But there are other players in the field, too — Samsung Semiconductor and Intel are two of the bigger ones — which necessitates the near-constant need to improve and innovate upon the manufacturing process. Thus, TSMC has already laid out its roadmap all the way to 2022, when it plans to have a 3nm semiconductor production line ready for use.

Current high-end chips use a 10nm process, so this will be more than a threefold reduction in semiconductor size. The end result will be chips that are both more powerful and less power-hungry, which is always a welcome change even for the most casual of smartphone users.

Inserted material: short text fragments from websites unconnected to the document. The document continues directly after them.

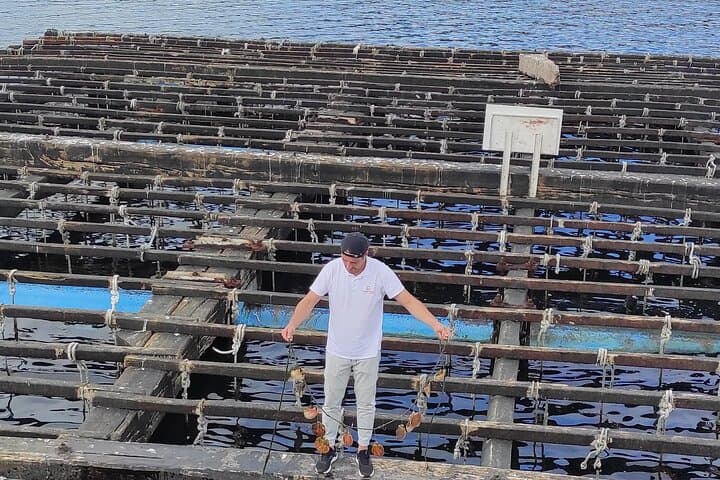 Private Rías Baixas Shore Tour — Wineries, Combarro & Island Mussel Farms photo 2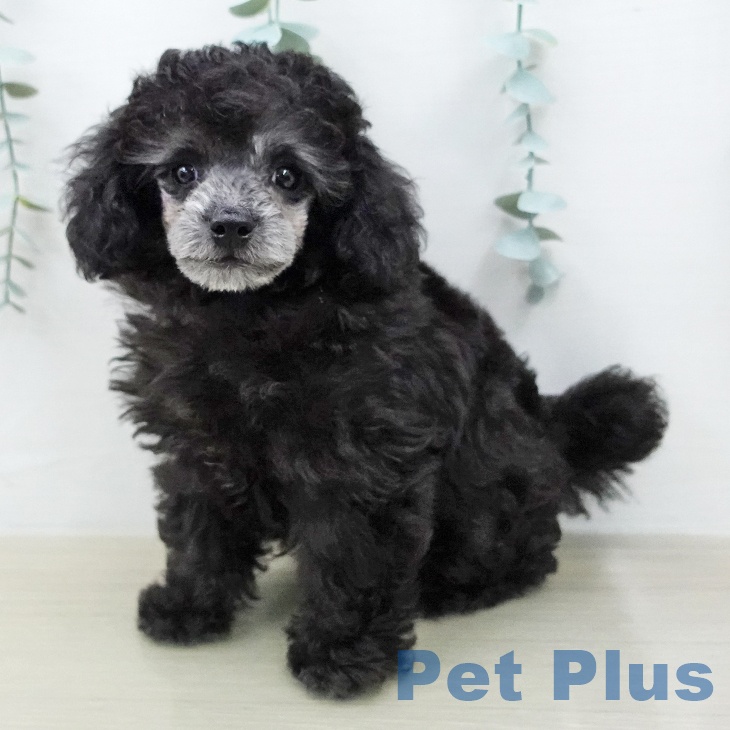 トイ・プードル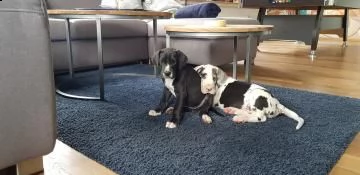 stupenda cucciolata di alani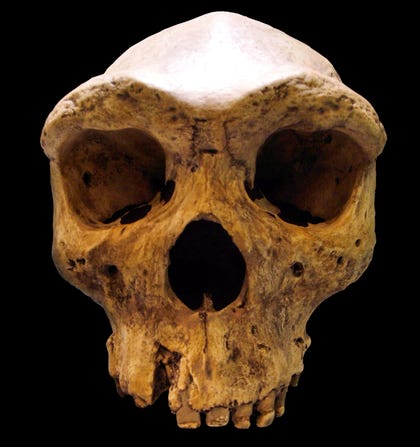 The skull of Kabwe Man in Zambia.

But in order to produce its own a 3nm process, TSMC needs to build a plant entirely dedicated to it. And while some reports have suggested the company may be looking into building a manufacturing facility in the United States, it won't be the one dedicated to the 3nm process —  that one will be located in TSMC's home country of Taiwan.

But it certainly won't be cheap: in an interview with Bloomberg, chairman and founder Morris Chang has revealed an estimate for the price of building such a facility: $20 billion. To put this into context, this figure is pretty close to the yearly GDP of countries like Cyprus and Cambodia, making this quite an impressive figure, even if it's for the company's most technologically advanced plant ever.


And judging from the outside, it certainly seems like Apple has a lot to do with this decision. TSMC has been the sole supplier of Apple chipsets for several years now, making Cupertino theis single largest customer. And we've already seen that companies that get suddenly abandoned by Apple don't do particularly good, so it isn't that far-fetched to say that this new plant is a bid to keep Apple close.

But if 2022 seems too far away from now, there's at least two more generations to go through — 7nm and 5nm. The former is expected to pop up in consumers' hands starting next year, while 5nm will begin production in 2019-2020. Or in other words — don't worry, there's still something to look forward to next year.